=== Source data ===
*** Begin section ***

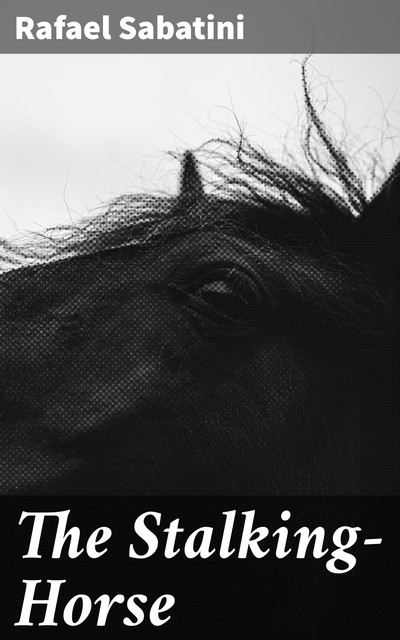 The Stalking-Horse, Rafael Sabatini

*** End section ***
*** Begin section ***

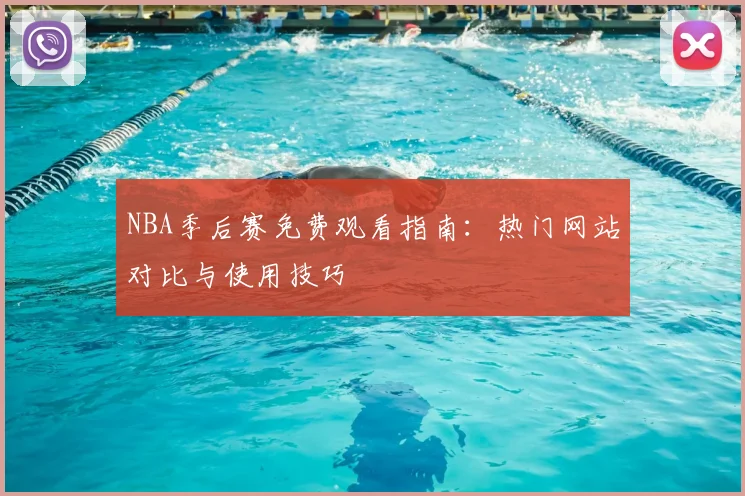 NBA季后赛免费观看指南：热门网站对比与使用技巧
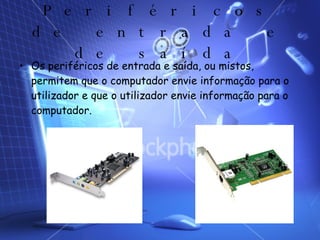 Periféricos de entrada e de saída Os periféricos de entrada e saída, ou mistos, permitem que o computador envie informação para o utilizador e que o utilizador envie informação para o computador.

*** End section ***

Restate word for word every line from the one with "NBA季后赛免费观看指南：热门网站对比与使用技巧" up to and including the one with "Periféricos de entrada e de" in the records above, minus the pictures.

 NBA季后赛免费观看指南：热门网站对比与使用技巧
 Periféricos de entrada e de saída Os periféricos de entrada e saída, ou mistos, permitem que o computador envie informação para o utilizador e que o utilizador envie informação para o computador.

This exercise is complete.